François Charles Mauriac (, ; 11 October 1885 – 1 September 1970) was a French novelist, dramatist, critic, poet, and journalist, a member of the Académie française (from 1933), and laureate of the Nobel Prize in Literature (1952). He was awarded the Grand Cross of the Légion d'honneur in 1958. He was a life-long Catholic.

Biography
François Charles Mauriac was born in Bordeaux, France. He studied literature at the University of Bordeaux, graduating in 1905, after which he moved to Paris to prepare for postgraduate study at the École des Chartes.

On 1 June 1933, he was elected a member of the Académie française, succeeding Eugène Brieux.

A former Action française supporter, he turned to the left during the Spanish Civil War, criticizing the Catholic Church for its support of Franco. After the fall of France to the Axis during the Second World War, he briefly supported the collaborationist régime of Marshal Pétain, but joined the Resistance as early as December 1941. He was the only member of the Académie française to publish a Resistance text with the Editions de Minuit.

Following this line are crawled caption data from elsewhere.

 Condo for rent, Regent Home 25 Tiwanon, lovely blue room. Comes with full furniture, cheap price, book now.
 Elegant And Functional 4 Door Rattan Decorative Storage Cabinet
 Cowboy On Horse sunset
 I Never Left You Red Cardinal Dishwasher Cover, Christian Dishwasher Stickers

Mauriac had a bitter dispute with Albert Camus immediately following the Liberation of France. At that time, Camus edited the Resistance paper Combat (thereafter an overt daily, until 1947), while Mauriac wrote a column for Le Figaro. Camus said newly liberated France should purge all Nazi collaborator elements, but Mauriac warned that such disputes should be set aside in the interests of national reconciliation. Mauriac also doubted that justice would be impartial or dispassionate, given the emotional turmoil of the Liberation. Despite having been viciously criticised by Robert Brasillach, he campaigned against his execution.

Mauriac also had a bitter public dispute with Roger Peyrefitte, who criticised the Vatican in books such as Les Clés de saint Pierre (1953). Mauriac threatened to resign from the paper he was working with at the time (L'Express) if they did not stop carrying advertisements for Peyrefitte's books. The quarrel was exacerbated by the release of the film adaptation of Peyrefitte's Les Amitiés Particulières, and culminated in a virulent open letter by Peyrefitte in which he accused Mauriac of homosexual tendencies and called him a Tartuffe, hypocrite.

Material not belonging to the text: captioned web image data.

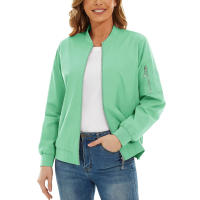 MAGCOMSEN-chaquetas Bomber para mujer, chaqueta informal con cremallera, abrigo cortavientos impermeable, prendas de vestir con 3 bolsillos, otoño - details 16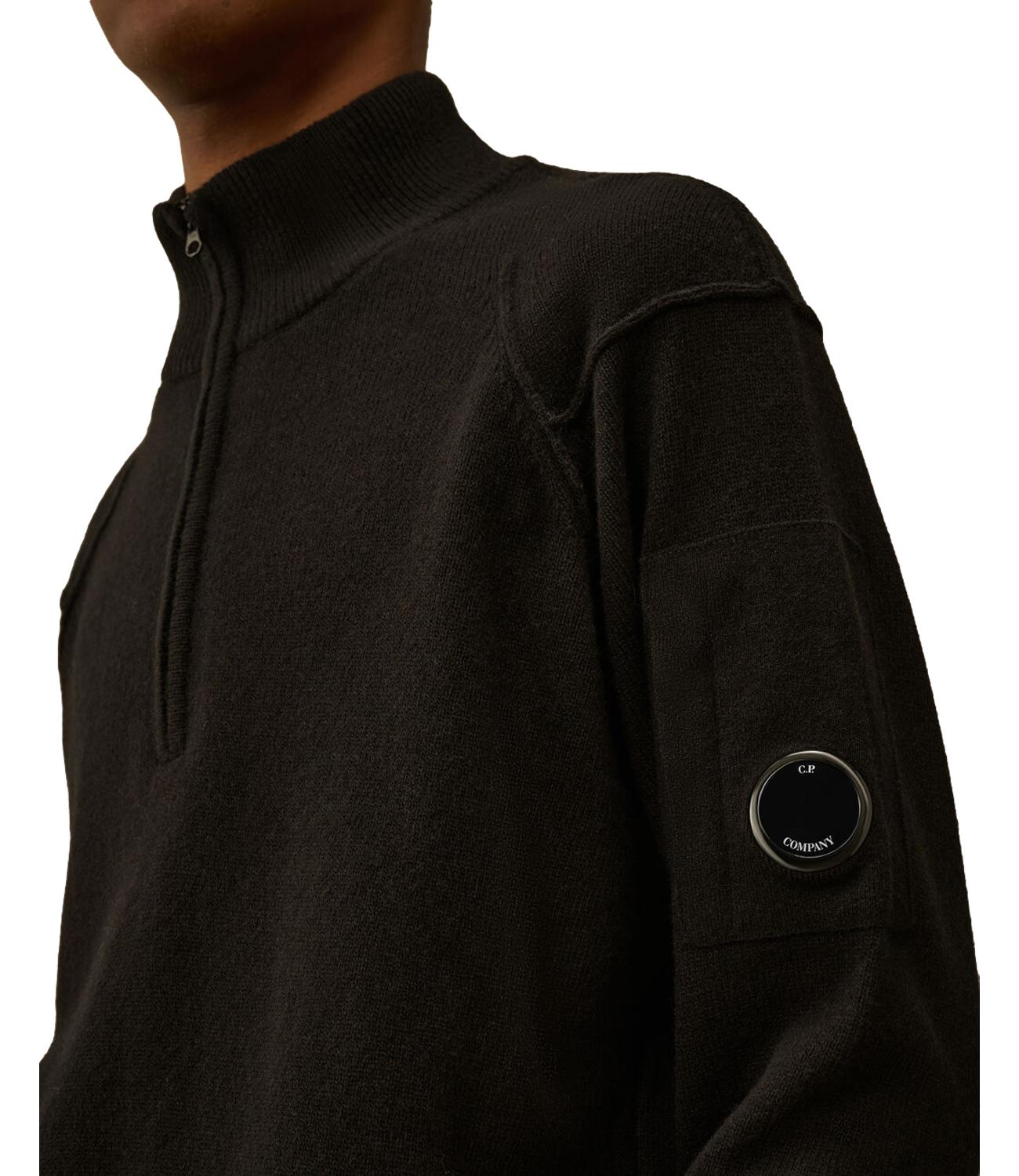 Maglia Lambswool GRS Half Zip Sweater nera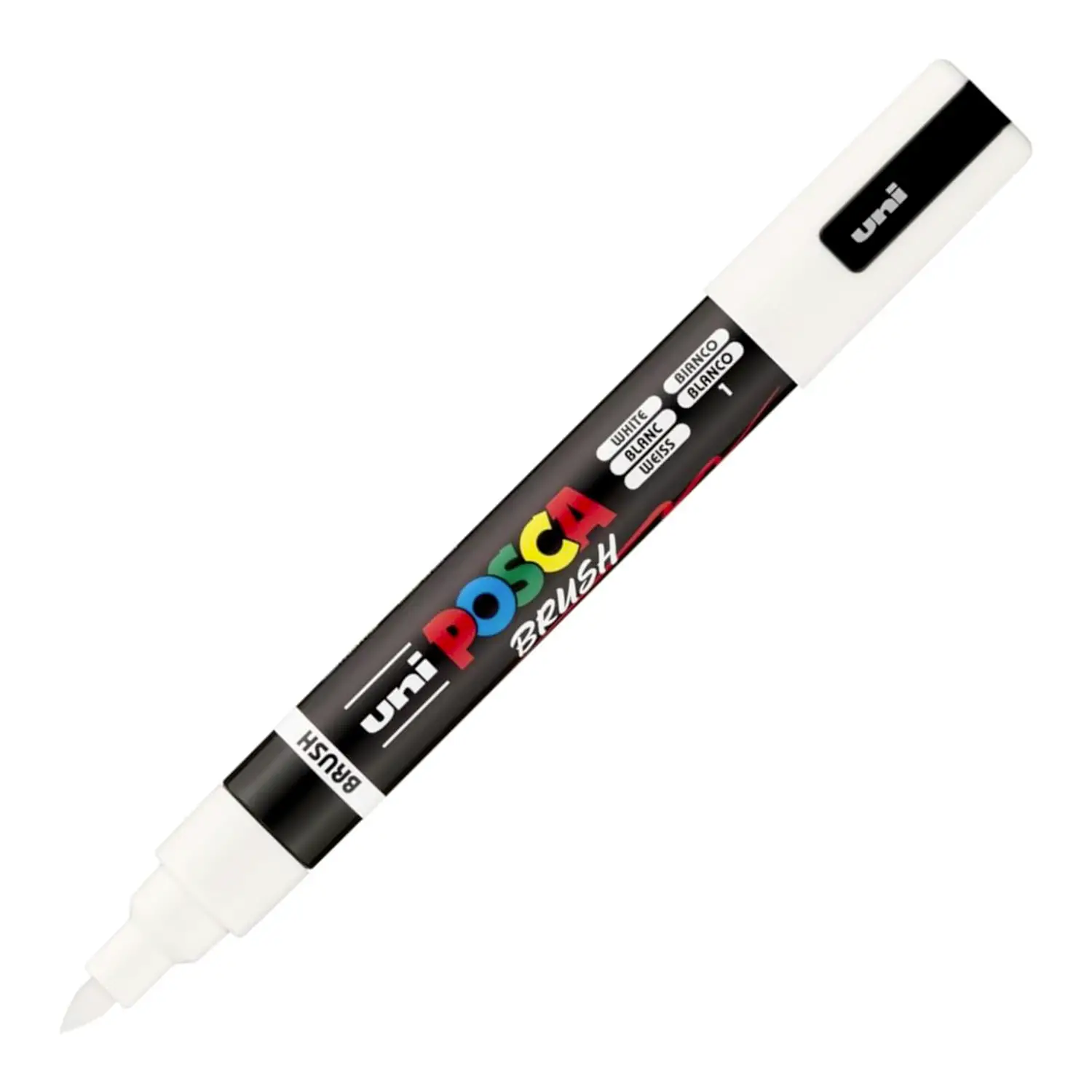 Pennarello Uni Posca - Punta Brush 1-4 mm - Bianco - Pennarelli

Mauriac was opposed to French rule in Vietnam, and strongly condemned the use of torture by the French army in Algeria.

In 1952, he won the Nobel Prize in Literature "for the deep spiritual insight and the artistic intensity with which he has in his novels penetrated the drama of human life". He was awarded the Grand Cross of the Légion d'honneur in 1958. He published a series of personal memoirs and a biography of Charles de Gaulle.
Mauriac's complete works were published in twelve volumes between 1950 and 1956. He encouraged Elie Wiesel to write about his experiences as a Jewish teenager during the Holocaust, and wrote the foreword to Elie Wiesel's book Night.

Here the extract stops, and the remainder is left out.